Tak hanya MK, pada Juli 2022, Ombudsman RI telah merilis Laporan Akhir Hasil Pemeriksaan (LHAP) terkait pengaduan soal pengangkatan penjabat kepala daerah. Di dalamnya, ORI memaparkan adanya temuan malaadministrasi dalam pengangkatan penjabat.
ORI meminta Menteri Dalam Negeri Tito Karnavian untuk melaksanakan tiga tindakan korektif, di antaranya menindaklanjuti surat pengaduan dan substansi keberatan dari pihak pelapor, meninjau kembali pengangkatan penjabat kepala daerah dari unsur prajurit TNI aktif, serta menyiapkan naskah usulan pembentukan peraturan pemerintah terkait proses pengangkatan, ruang lingkup, kewenangan, evaluasi kinerja, hingga pemberhentian kepala daerah.
Namun, tak semua tindakan korektif dari ORI ini dijalankan Mendagri. Saran perbaikan untuk membuat peraturan pemerintah tak dilaksanakan. Bahkan, hingga saat ini, Peraturan Menteri Dalam Negeri yang dipilih pemerintah untuk menjadi payung hukum pengangkatan kepala daerah belum ada.
”Saat ini, permendagri yang diusulkan Kemendagri sedang dibahas bersama kementerian dan lembaga terkait,” ujar Kepala Pusat Penerangan Kemendagri Benni Irwan, Rabu (4/1/2023).

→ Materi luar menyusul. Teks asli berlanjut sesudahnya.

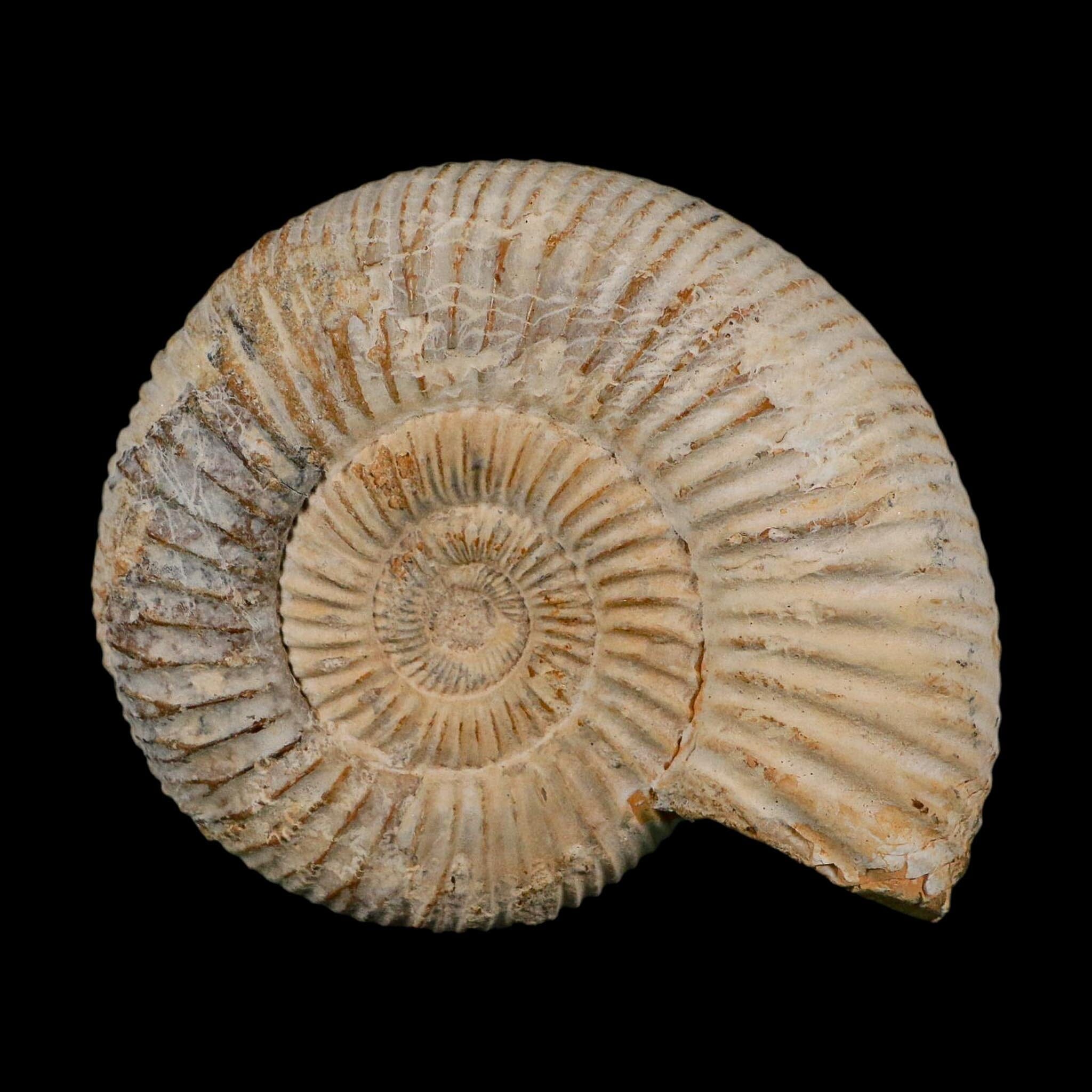 86MM Perisphinctes Ammonite Fossil Nautilus Madagascar Jurassic Age COA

Sebelumnya dalam wawancara pada 13 Juli 2022, Benni menyebutkan aturan teknis yang direncanakan dalam format permendagri itu drafnya sudah 90 persen selesai disusun. ”Draf finalnya sudah 90 persen, tinggal penajaman untuk memasukkan pertimbangan dari putusan Mahkamah Konstitusi. Hal itu menjadi perhatian Mendagri karena kami diminta menyusun aturan teknis agar proses penunjukan kepala daerah lebih demokratis, transparan, dan akuntabel,” katanya (Kompas.id, 13/7/2022).
Baca juga: Aturan Pengangkatan Penjabat Kepala Daerah Rampung Sebelum Agustus
Pasar gelap
Syahrul dari LBH Banda Aceh bahkan menyebut pengangkatan penjabat kepala daerah ibarat pasar gelap. Secara khusus, katanya, sebagian masyarakat trauma terhadap pengangkatan Mayor Jenderal TNI (Purn) Achmad Marzuki sebagai Penjabat Gubernur Aceh pada 4 Juli 2022.
Menurut syahrul, pengangkatan Marzuki dilakukan secara senyap dan brutal. Sebab, pada 1 Juli 2022, Marzuki baru mengundurkan diri dari TNI aktif. Pada tanggal yang sama, dia diangkat menjadi Staf Ahli Kemendagri.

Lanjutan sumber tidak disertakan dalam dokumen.